17 January, 2024 / clinical
 Amanda Betancourt and Patrick Schmidlin  


Oral implants are a widespread solution for restoring oral function and aesthetics, with a growing number of patients receiving at least one implant; however, while the overall outcomes are promising, a significant subset of implants, estimated to be between 10% and 20%, experience peri-implantitis, a destructive inflammatory process affecting both soft and hard tissues around dental implants1. Peri-implant mucositis, characterized by soft tissue inflammation without pathologic bone loss, and peri-implantitis, characterized by both soft and hard tissue manifestations, are the primary two types of inflammatory peri-implant diseases classified by recent research2.

The diagnosis of peri-implantitis is based on various criteria, including the depth of probing exceeding 6mm, bleeding on probing, and/or the presence of suppuration/pus. Without a baseline radiograph for comparison, bone loss of more than 3mm indicates peri-implantitis, compared to 2mm when a baseline radiograph is available3. The prevalence of peri-implantitis varies in the literature, primarily due to differences in population and disease definition. Peri-implantitis is believed to be caused by bacterial pathogens in susceptible individuals, leading to the loss of supporting bone and eventually, the implant, causing a significant financial burden and affecting patients’ welfare4.

Like periodontitis, peri-implantitis is still primarily treated following periodontal surgical strategies to halt disease progression and rescue the implant. While nonsurgical therapy in combination with proper oral hygiene reinforcement remains a basic standard of care and the first step, surgical measures are required in advanced cases since nonsurgical protocols with an adjunctive or alternative failed to demonstrate efficacy in resolving the disease5. From a surgical perspective, regeneration is desirable as it has the potential to restore the function and architecture of lost tissues.

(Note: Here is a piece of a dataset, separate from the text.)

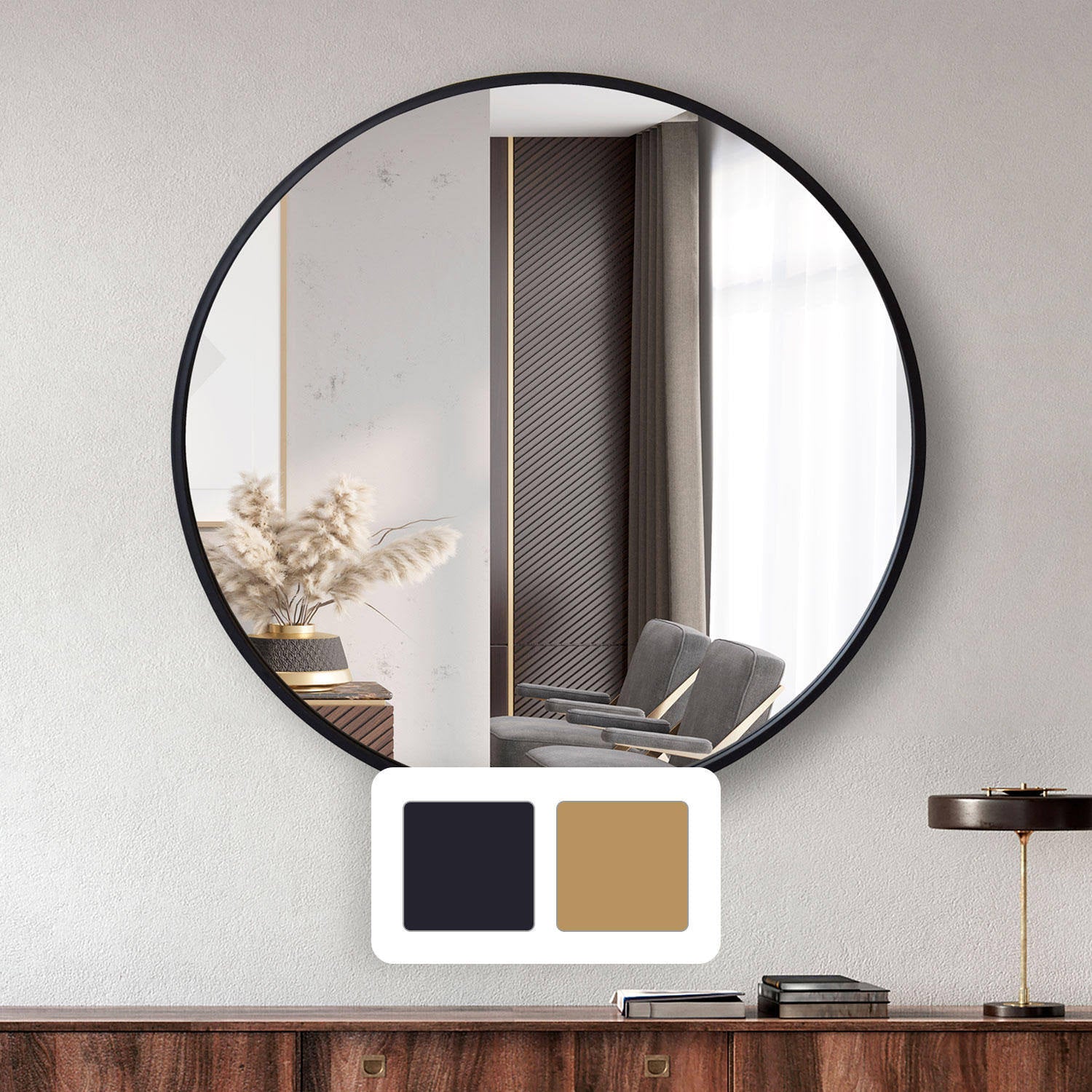 Jill Zarin 36' Elegant Round Metal Wall Mirror, Black - Product image 1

The literature reports the efficacy of reconstructive procedures, with mixed results. Systematic reviews show that the average bone gain is 2−3mm; however, there is still a good portion of cases that are not resolved. Wide variations in reported results may be attributed to the heterogeneity in the severity and variation of the disease, selection of surgical techniques and materials, surface decontamination methods, surgeons’ skills, and other factors6.

There is a need to identify the obstacles to effectively and predictably regenerate peri-implant tissues from biologic and biomechanical viewpoints to develop meaningful research strategies and evidence-based treatment protocols7. While most work in this field focuses on biomaterials and related surgical topics, the primary aim of this manuscript is to discuss relevant biological and biomechanical challenges of treating peri-implantitis based on the surgical biological regeneration principles. Strategies to overcome these challenges are suggested for future validation with research and clinical evaluations and modifications in the upcoming sections.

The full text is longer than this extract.